The interviews are unusually candid because the three men–Nahum Admoni, Danny Yatom and Tamir Pardo – were speaking to the journal of the Intelligence Heritage and Commemoration Center (IHCC) in Tel Aviv, to mark the 70th anniversary of the Mossad’s founding. The IHCC, a museum and think tank, is the public face of Mossad.
Mellman, a veteran intelligence reporter, frames the issue in practical terms.
The question of cost versus benefit – i.e., do assassinations contribute to national security – is one that intelligence chiefs wrestle with. They have no definitive answer. From conversations I’ve had with a good number of top intelligence officials, I’d say they believe that this is a tool whose contribution is quite limited at best. Most also admit that very few assassinations have made a decisive strategic contribution to national security.
Assassination inevitably provoke retaliation. When Israeli agents killed Hezbollah leader Abbas Musawi in 1992, the Shi’ite organization (aided by Iranian intelligence), responded by bombing of the Israeli Embassy in Argentina in 1992 and a Jewish community center in Buenos Aires in 1994. As a result of Musawi’s assassination 114 were killed and about 500 wounded.

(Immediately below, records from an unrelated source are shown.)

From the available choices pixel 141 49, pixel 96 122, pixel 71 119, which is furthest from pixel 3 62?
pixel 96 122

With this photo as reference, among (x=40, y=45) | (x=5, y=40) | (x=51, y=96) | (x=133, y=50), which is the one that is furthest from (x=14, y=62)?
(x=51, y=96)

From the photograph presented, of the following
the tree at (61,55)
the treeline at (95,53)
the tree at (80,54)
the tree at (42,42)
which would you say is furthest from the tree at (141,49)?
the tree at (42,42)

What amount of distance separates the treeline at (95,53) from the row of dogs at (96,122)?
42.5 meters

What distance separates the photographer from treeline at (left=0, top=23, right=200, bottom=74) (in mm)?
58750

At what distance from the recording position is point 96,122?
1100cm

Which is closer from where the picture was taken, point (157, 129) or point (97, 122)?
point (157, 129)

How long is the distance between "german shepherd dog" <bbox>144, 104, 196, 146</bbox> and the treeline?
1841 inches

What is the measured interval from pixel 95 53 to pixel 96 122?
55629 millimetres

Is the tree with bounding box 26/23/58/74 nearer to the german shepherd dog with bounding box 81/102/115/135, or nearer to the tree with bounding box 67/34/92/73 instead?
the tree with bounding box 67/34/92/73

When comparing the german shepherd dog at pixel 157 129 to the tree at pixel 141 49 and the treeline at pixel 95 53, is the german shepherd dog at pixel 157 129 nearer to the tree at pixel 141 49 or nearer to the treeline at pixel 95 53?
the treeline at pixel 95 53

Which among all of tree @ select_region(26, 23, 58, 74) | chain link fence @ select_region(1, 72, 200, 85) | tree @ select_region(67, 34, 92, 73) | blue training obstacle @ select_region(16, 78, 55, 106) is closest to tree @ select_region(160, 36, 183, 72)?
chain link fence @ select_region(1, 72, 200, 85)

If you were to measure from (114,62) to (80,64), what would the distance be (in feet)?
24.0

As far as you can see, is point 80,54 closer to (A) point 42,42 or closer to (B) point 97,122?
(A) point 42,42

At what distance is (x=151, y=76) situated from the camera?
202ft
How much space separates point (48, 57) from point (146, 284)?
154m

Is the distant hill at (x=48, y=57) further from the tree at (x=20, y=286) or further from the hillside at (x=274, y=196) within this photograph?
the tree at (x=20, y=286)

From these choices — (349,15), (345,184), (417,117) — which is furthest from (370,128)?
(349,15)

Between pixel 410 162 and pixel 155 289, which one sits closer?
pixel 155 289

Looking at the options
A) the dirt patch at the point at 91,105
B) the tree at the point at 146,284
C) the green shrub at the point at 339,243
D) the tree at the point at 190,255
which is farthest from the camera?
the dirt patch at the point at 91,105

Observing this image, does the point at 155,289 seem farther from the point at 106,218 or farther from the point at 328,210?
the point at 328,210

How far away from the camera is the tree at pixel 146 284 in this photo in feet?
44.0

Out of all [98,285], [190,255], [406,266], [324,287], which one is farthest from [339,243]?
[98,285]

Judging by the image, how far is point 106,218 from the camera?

In retrospect, said one top Israeli official, killing Musawi was a “poor decision.”
Pardo, the chief of Mossad from 2011 to 2016, said “in assessing the question over the years, the strategic value of the method [assassination] appears limited.”
In 2011, the German news website Spiegel Online claimed it had received information from “an Israeli intelligence source,” linking Pardo’s Mossad to the assassination of Iranian nuclear scientist Darioush Rezaeinejad in Tehran on July 23, 2011.